BEGIN

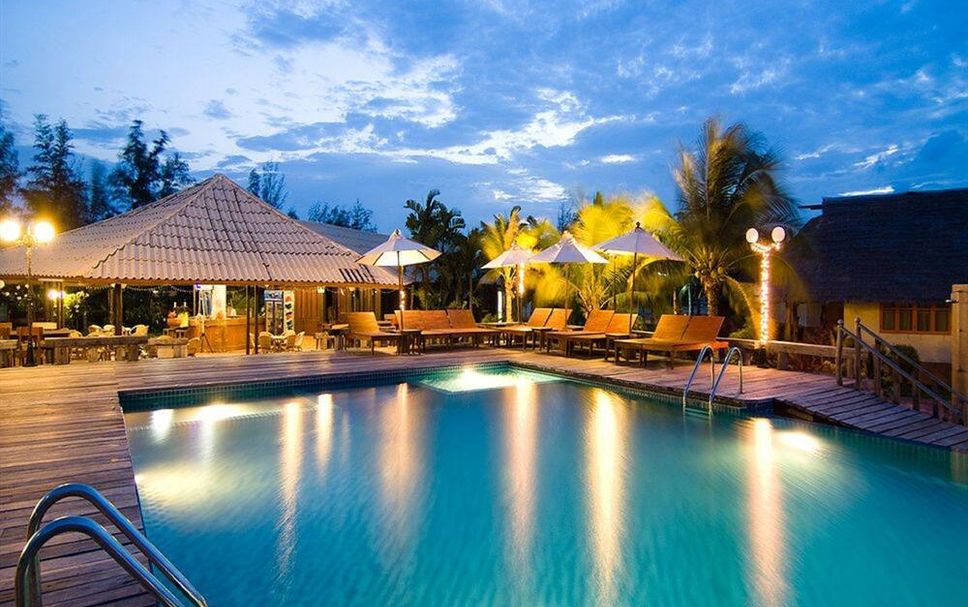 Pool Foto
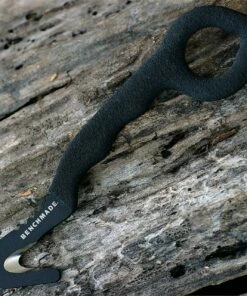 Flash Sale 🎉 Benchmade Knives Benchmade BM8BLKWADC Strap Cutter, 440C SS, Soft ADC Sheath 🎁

END
BEGIN

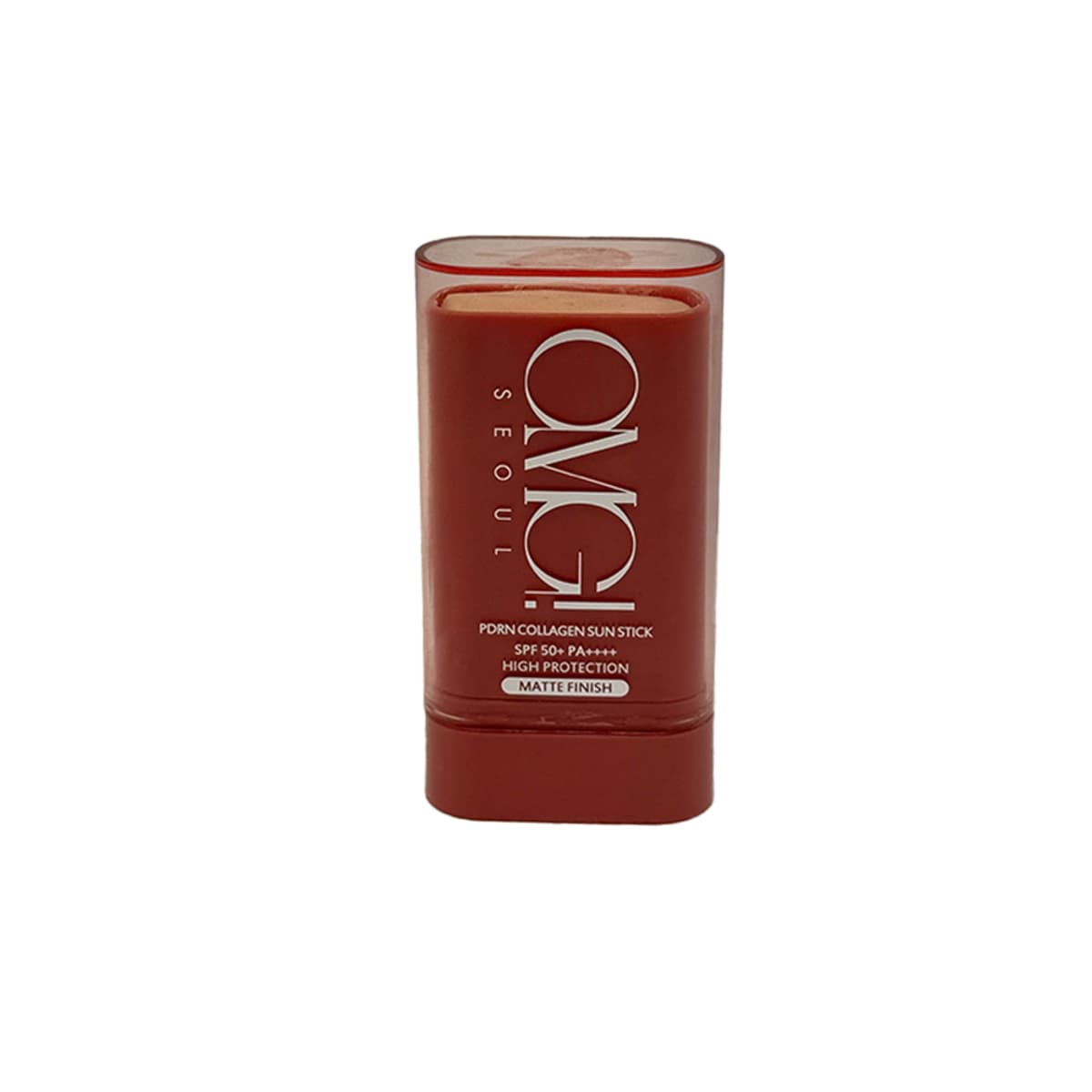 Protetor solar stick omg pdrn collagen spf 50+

END
BEGIN

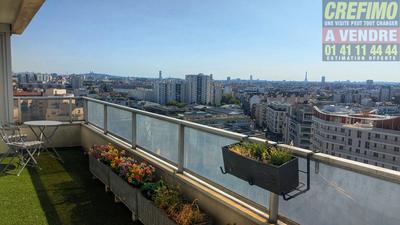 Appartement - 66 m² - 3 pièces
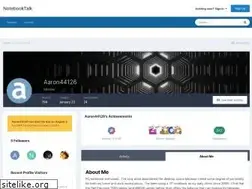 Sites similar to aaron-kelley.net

END

(What is needed): Write out exactly the run of lines above that starts at the line containing "Appartement - 66 m² - 3 pièces" and ends at the line containing "Sites similar to aaron-kelley.net". Include both, and leave the pictures out.

(Exercise result):
 Appartement - 66 m² - 3 pièces
 Sites similar to aaron-kelley.net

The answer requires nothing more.